We set out to walk to Russell Falls, and on the way we made ourselves familiar with where the glow worms could be seen if we returned that night – who would give up an opportunity to see glow worms?
The Russell Falls were stunning, and we had them all to ourselves for a short time. There is something magical about a waterfall. The sound of the rushing water, watching the water fall over the top and spotting the rainbows that the spray makes. No wonder people sit and watch waterfalls for hours
We moved on, and walked to the top of the falls – a few steps were involved, but still an easy walk. Further on we found ourselves on a boardwalk at the Horseshoe falls, and gee what a magnificent water fall it was. I was starting to understand why the walk can take up to four hours – they include the time you spend marvelling at the water falls.
Now, at this point you can turn back to the information centre, but we chose to continue on to the Tall Trees walk and then onto Lady Barron Falls.
We learnt about measuring trees, using angles and maths (love a good maths lesson) and we found one of the tallest tress in the forest. It was close to 80 metres high, standing tall, straight and proud. We learnt about the smaller trees, and how they get a real opportunity to grow when a larger tree falls and take a chunk of the canopy with it.
We got to the Lady Barron Falls, and explored the area a little. We marvelled at the beauty of the falls and the surrounding bush landscape. I think, if nothing else, we have learnt to stop, listen and observe when we go on these walks. Not only so we can catch our breath, but so we can truly experience what we are seeing, appreciate it and embed in into our memories.

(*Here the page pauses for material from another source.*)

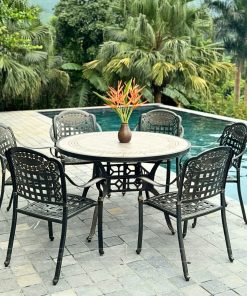 Bộ bàn ghế sân vườn màu nâu 6 ghế BG04-D120M (3)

We left the Lady Barron falls and followed the path through more tall trees. We saw a few Paddymelons, heard a lot of birds calling and spotted a few lizards. We were feeling quite happy with our walk and the beauty we had seen, until we saw THE STAIRS…..yes, we have since called this walk the Stair Master.
Now we lost count of the stairs, but when they offer a number of platforms with a bench on them, you know that you are in for a climb. Now, let the stairs scare you, but be prepared. The majority of the walk is easy, but I think we felt the stairs more than we normally would, as we had walked a million stairs the day prior – now there is a story for another day!
We returned to the park at about 8.30pm that night to meet up with one of the Rangers and to explore the inhabitants of the park after hours. We saw possums, we saw paddymelons and best of all we saw glow worms. It was so exciting, exploring the national park, in the dark, and to be greeted with the green glow of the worms. To have possums watching us, at eye level, as we walked past them, some carrying their babies on their backs and to see Paddy-melons in large numbers. We were hoping to spot a quall, or even an owl, but we did get to pat a Tassie Devil. Put this place on your list of places to explore.